Scalene: A high-resolution, low-overhead CPU and memory profiler for Python

Project description

scalene

scalene: a high-performance CPU and memory profiler for Python

by Emery Berger


About Scalene

Scalene is a high-performance CPU and memory profiler for Python that does a few things that other Python profilers do not and cannot do. It runs orders of magnitude faster than other profilers while delivering far more detailed information.

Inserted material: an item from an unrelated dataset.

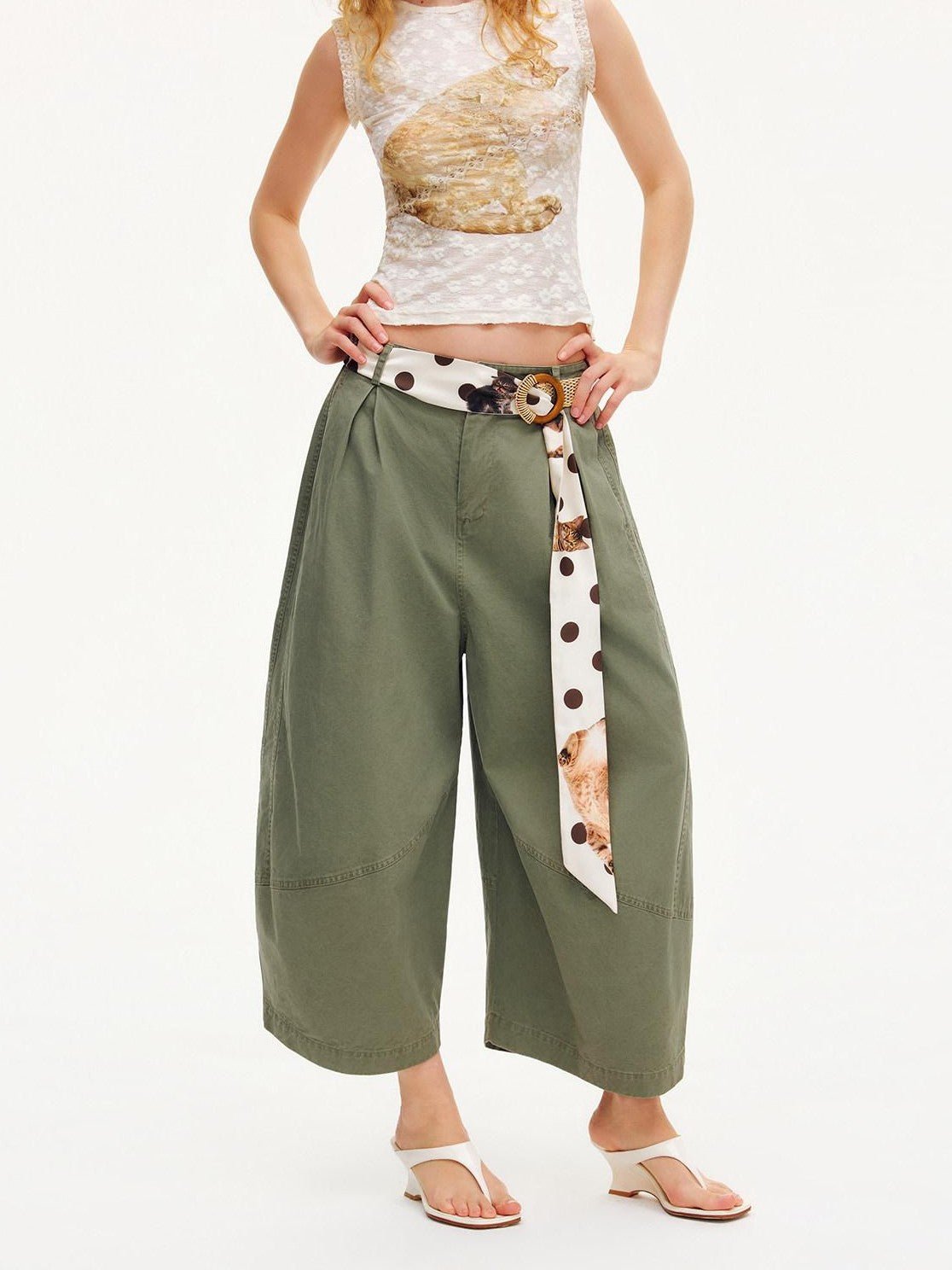 OuttheBlue Army Green Pleated Washed Cargo Octagonal Wide Women&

  1. Scalene is fast. It uses sampling instead of instrumentation or relying on Python's tracing facilities. Its overhead is typically no more than 10-20% (and often less).
  2. Scalene is precise. Unlike most other Python profilers, Scalene performs CPU profiling at the line level, pointing to the specific lines of code that are responsible for the execution time in your program. This level of detail can be much more useful than the function-level profiles returned by most profilers.
  3. Scalene separates out time spent running in Python from time spent in native code (including libraries). Most Python programmers aren't going to optimize the performance of native code (which is usually either in the Python implementation or external libraries), so this helps developers focus their optimization efforts on the code they can actually improve.
  4. Scalene profiles memory usage. In addition to tracking CPU usage, Scalene also points to the specific lines of code responsible for memory growth. It accomplishes this via an included specialized memory allocator.

Installation

Scalene is distributed as a pip package and works on Linux and Mac OS X platforms. You can install it as follows:

  % pip install scalene

NOTE: Currently, installing Scalene in this way does not install its memory profiling library, so you will only be able to use it to perform CPU profiling. To take advantage of its memory profiling capability, you will need to download this repository.

Usage

The following command will run Scalene to only perform line-level CPU profiling on a provided example program.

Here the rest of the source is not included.